*** SUPPLIED MATERIAL Section Begins ***

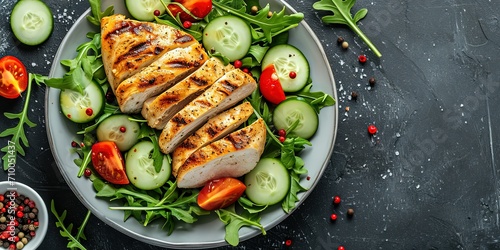 Balanced healthy lunch , chicken , fish , cereals , avocado ,grilled, a combination of vegetables  background , wallpaper © Людмила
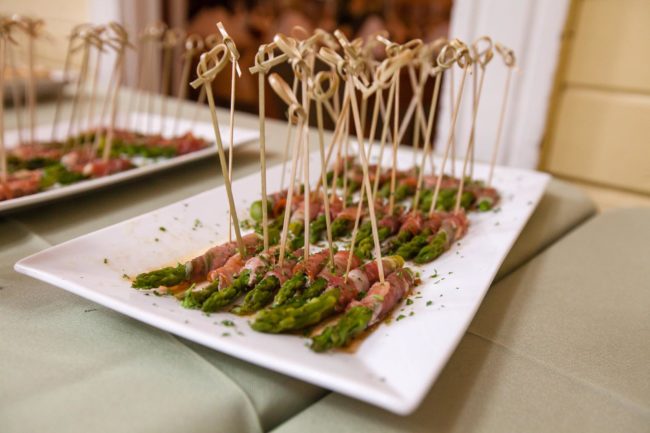 Asparagus wrapped in jamon serrano
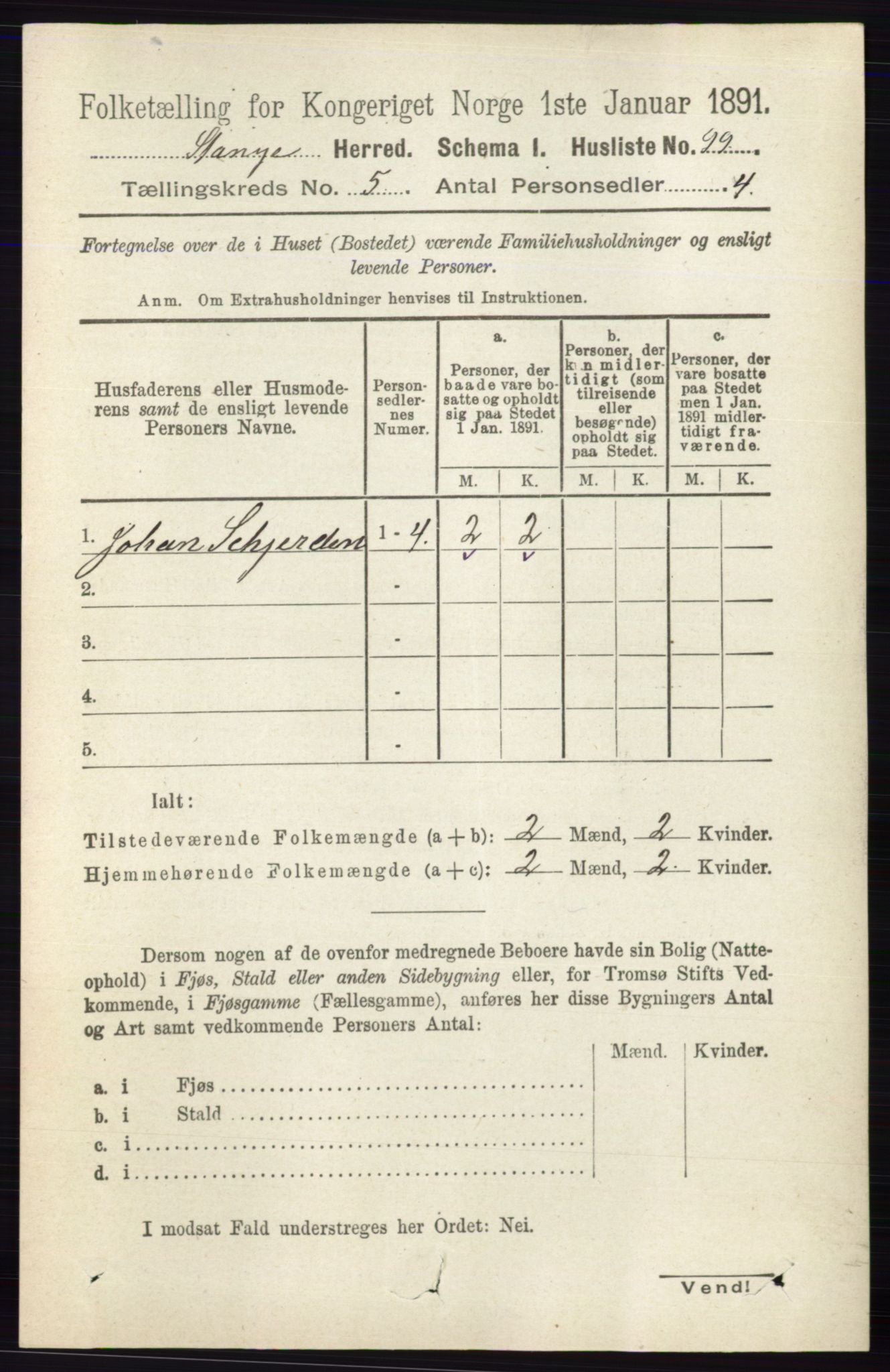 RA, 1891 census for 0417 Stange, 1891, p. 3092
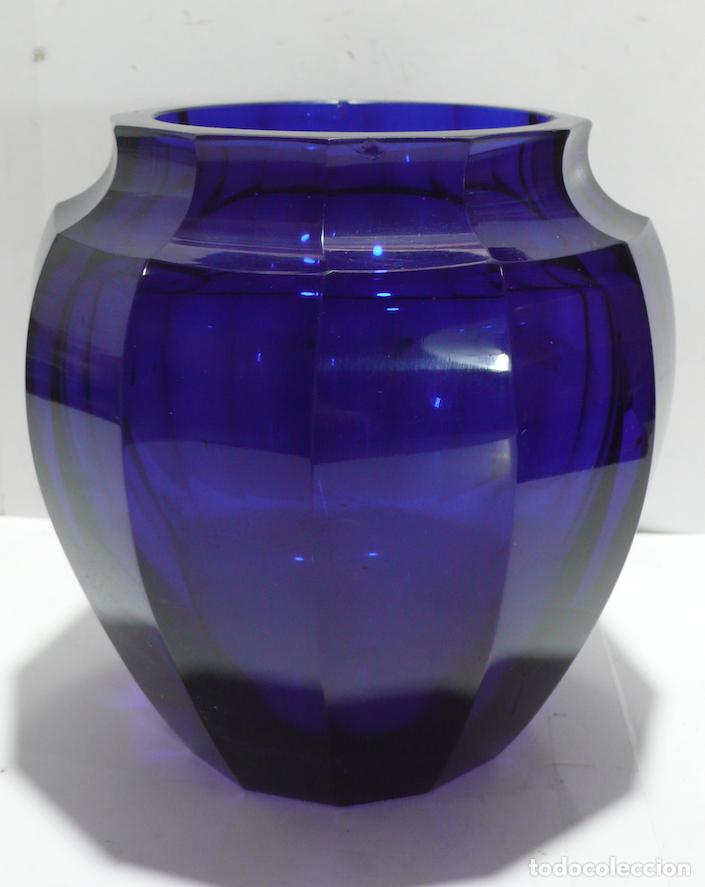 Vintage: JARRON EN CRISTAL AZUL - Foto 1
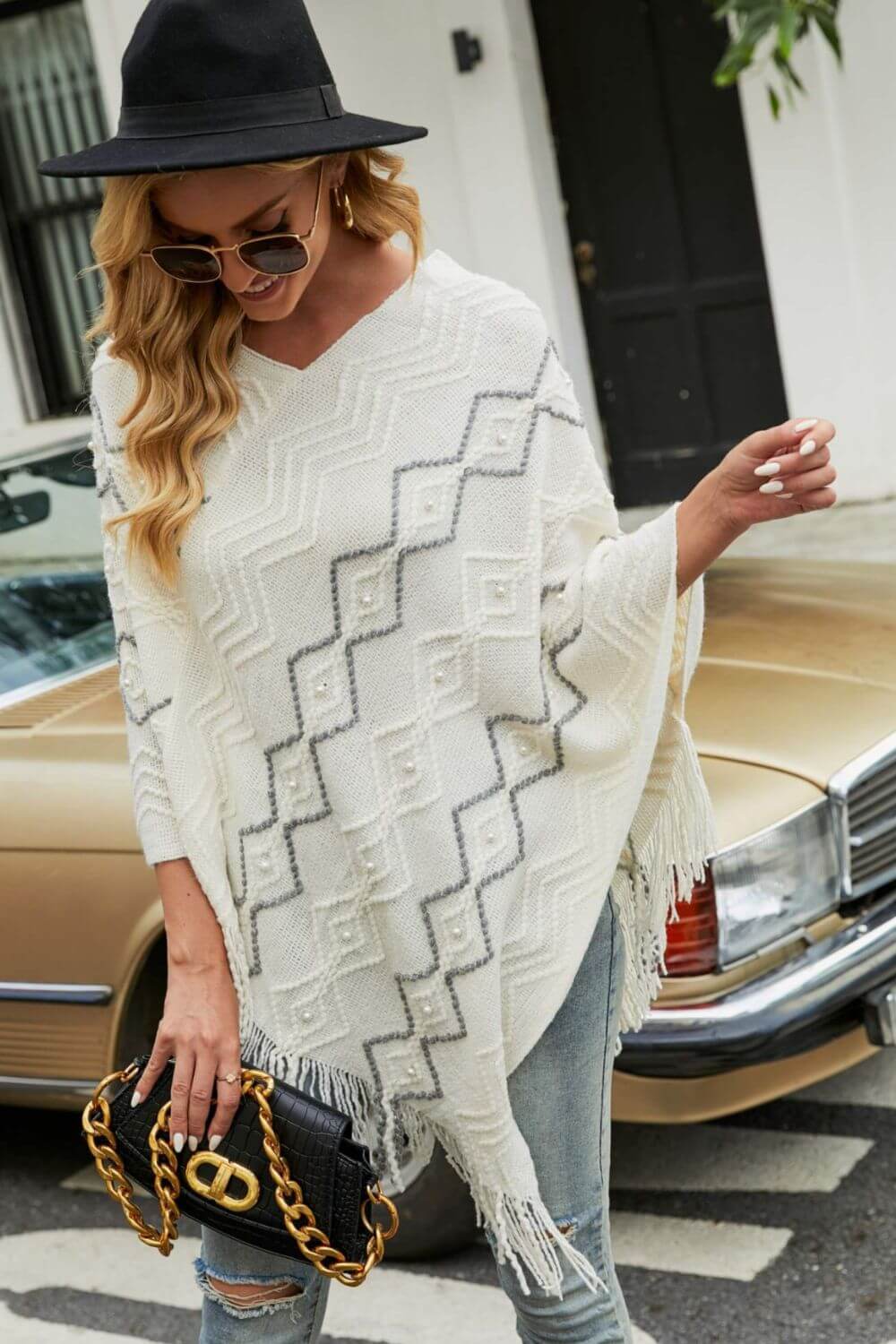 Pearl Trim V - Neck Fringe Hem Poncho - TayDiane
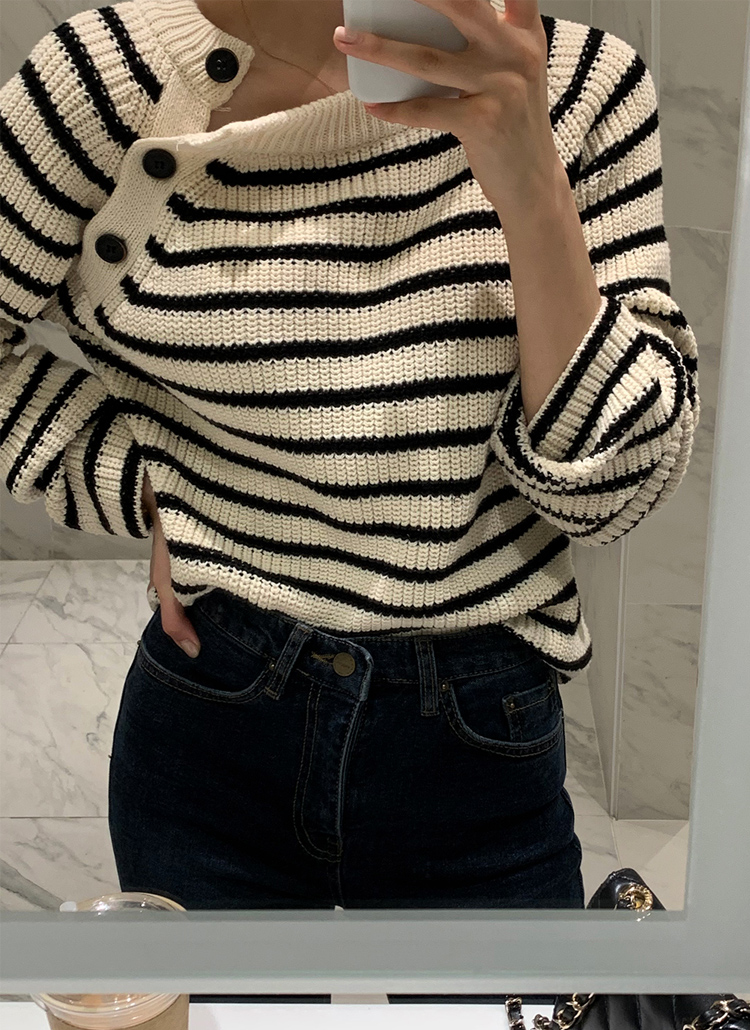 ショルダーボタンボーダーニット レディースファッション通販 Dholic 公式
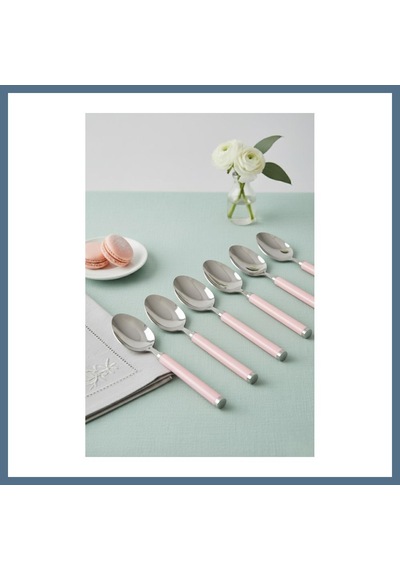 Buradabulabilirsin 6 Lı Paslanmaz Çelik Tatlı Kaşığı Seti Somon Pembe Saplı 15 Cm Bbz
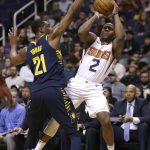 Phoenix Suns guard Isaiah Canaan (2) shoots in front of Indiana Pacers forward Thaddeus Young in the second half during an NBA basketball game, Sunday, Jan. 14, 2018, in Phoenix. The Pacers defeated the Suns 120-97. (AP Photo/Rick Scuteri)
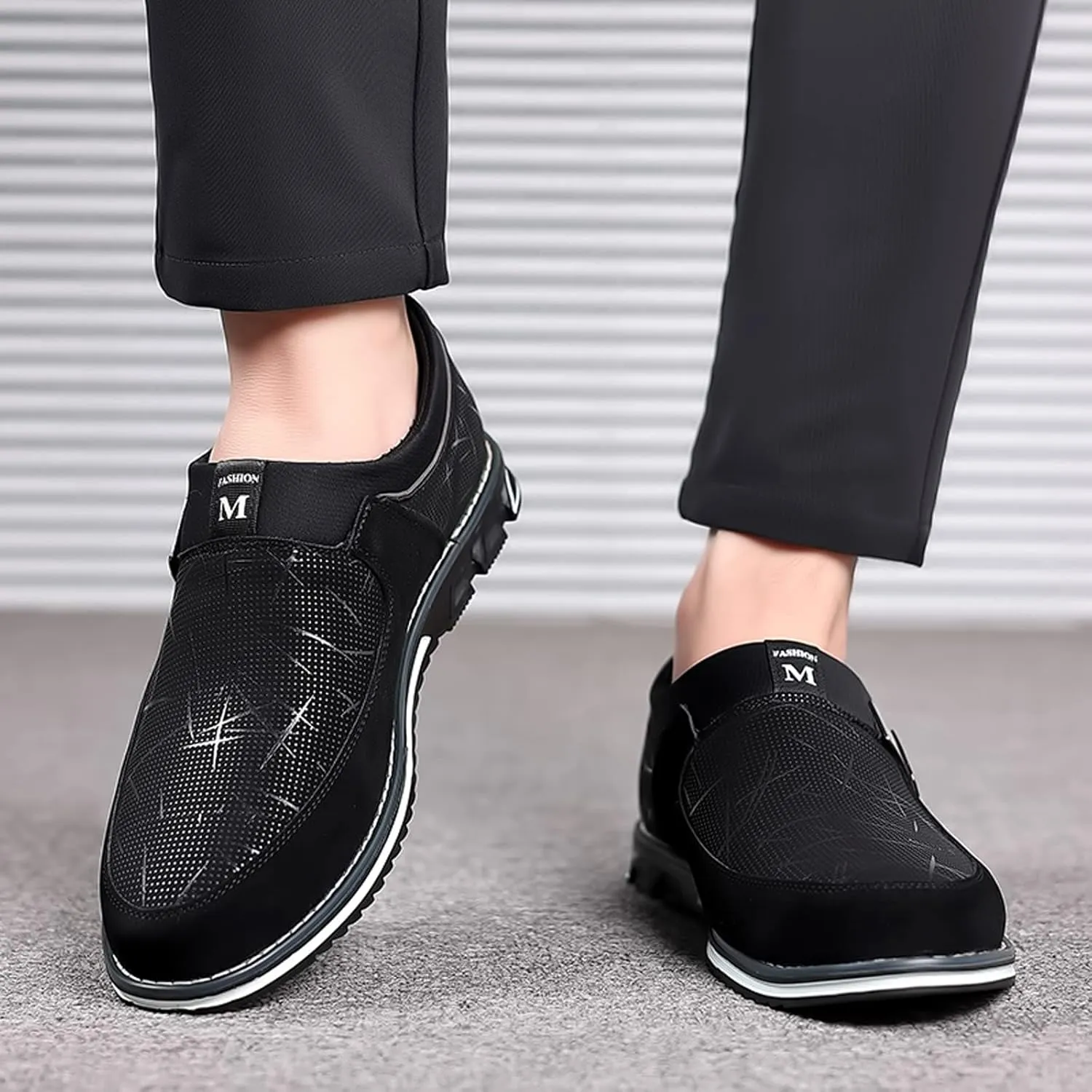 Fashion Style Men's Breathable Comfortable Business Slip On Work Leisure Hit Color Leather Shoes Men Shoe Formal Water Shoes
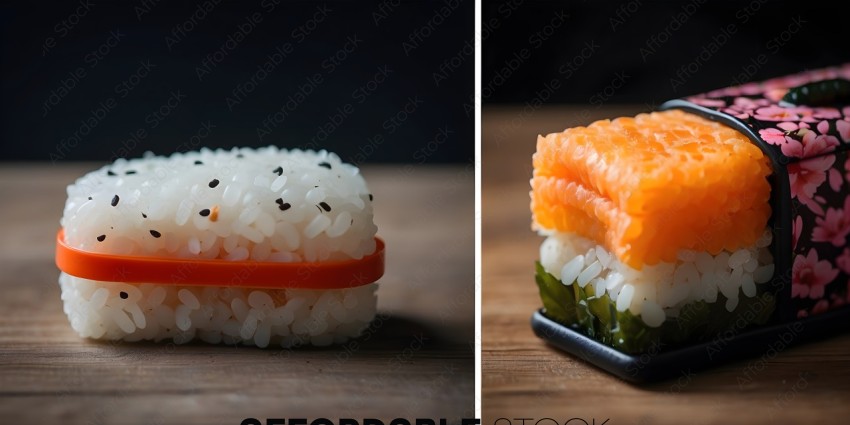 A close up of a sushi roll and a sushi roll with a red band around it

*** SUPPLIED MATERIAL Section Ends ***

EXERCISE GOAL
Where a line contains "Fashion Style Men's", begin there and transcribe every line through the last one of the records above, exactly and with no pictures.

REPLY
 Fashion Style Men's Breathable Comfortable Business Slip On Work Leisure Hit Color Leather Shoes Men Shoe Formal Water Shoes
 A close up of a sushi roll and a sushi roll with a red band around it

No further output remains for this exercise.